Items listed in a dataset:
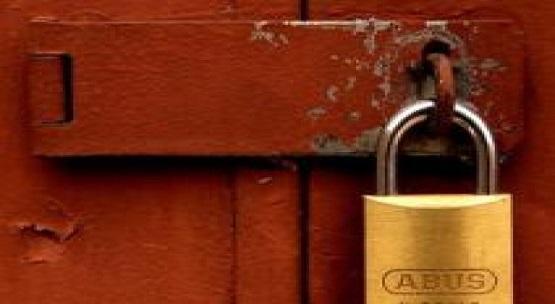 الكرك إغلاق منشأتين لمخالفتهما أمر الدفاع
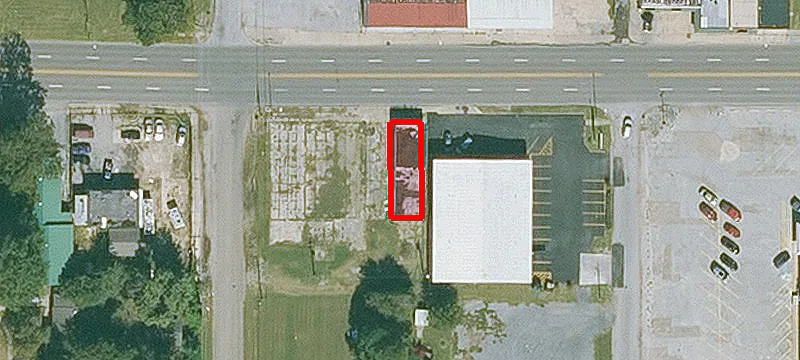 2011 Main St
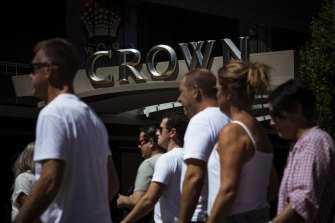 Crown said last month it intended to accept Blackstone’s $8.9 billion offer. 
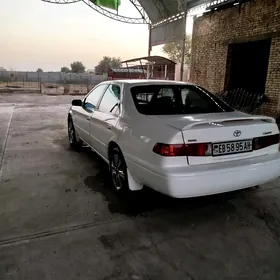 Toyota Camry 2000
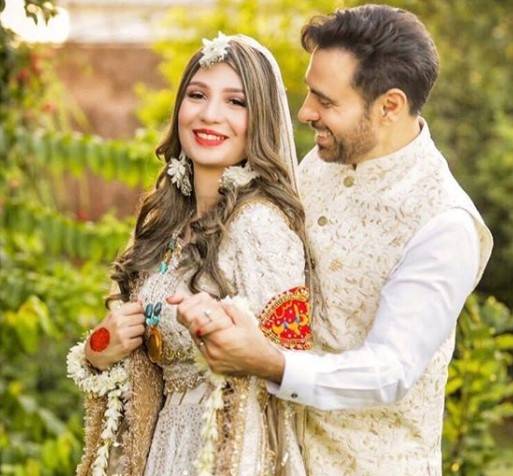 Farwa Hussain reveals how singer Haroon proposed her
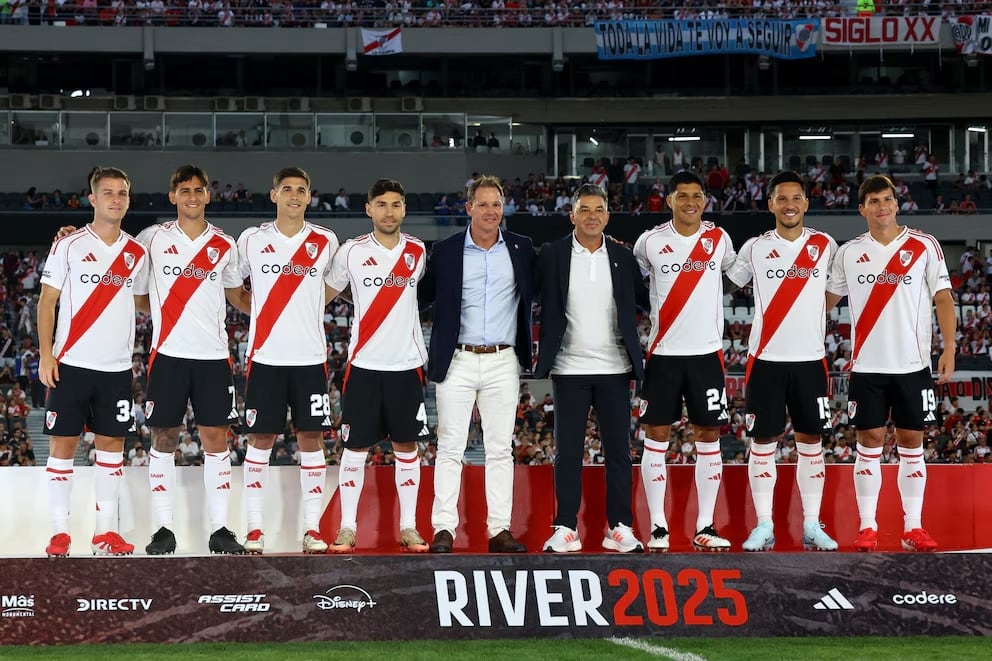 “Una nueva historia”: así fue la espectacular presentación de los refuerzos de River antes del amistoso ante México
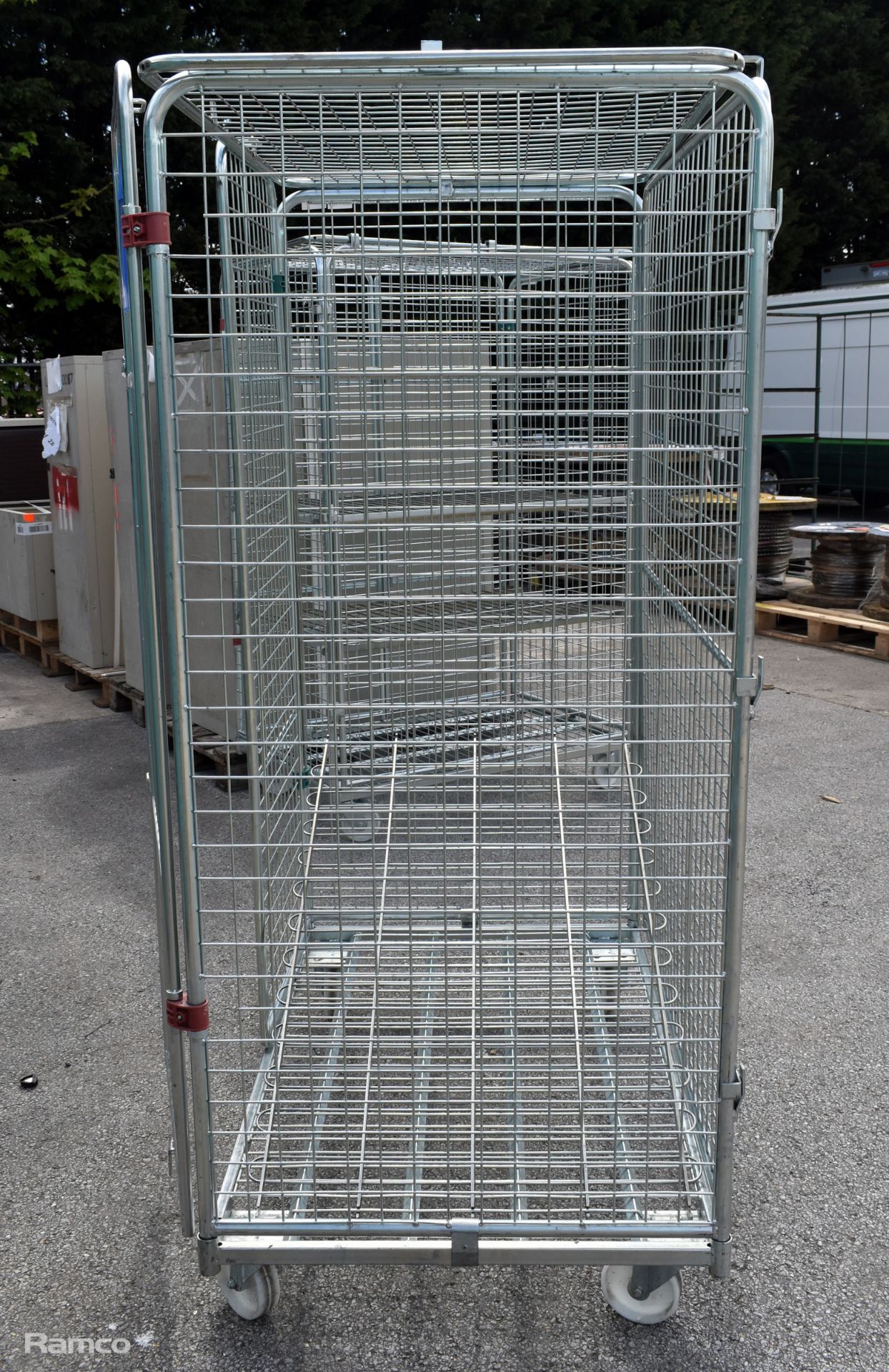 Mobile metal cage trolley - W 1200 x D 830 x H 1855mm - Image 3 of 4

### Work to be completed
Output exactly the lines from the one containing "Farwa Hussain reveals" through the last line of the records above, both included, leaving out any pictures.

### Answer space
 Farwa Hussain reveals how singer Haroon proposed her
 “Una nueva historia”: así fue la espectacular presentación de los refuerzos de River antes del amistoso ante México
 Mobile metal cage trolley - W 1200 x D 830 x H 1855mm - Image 3 of 4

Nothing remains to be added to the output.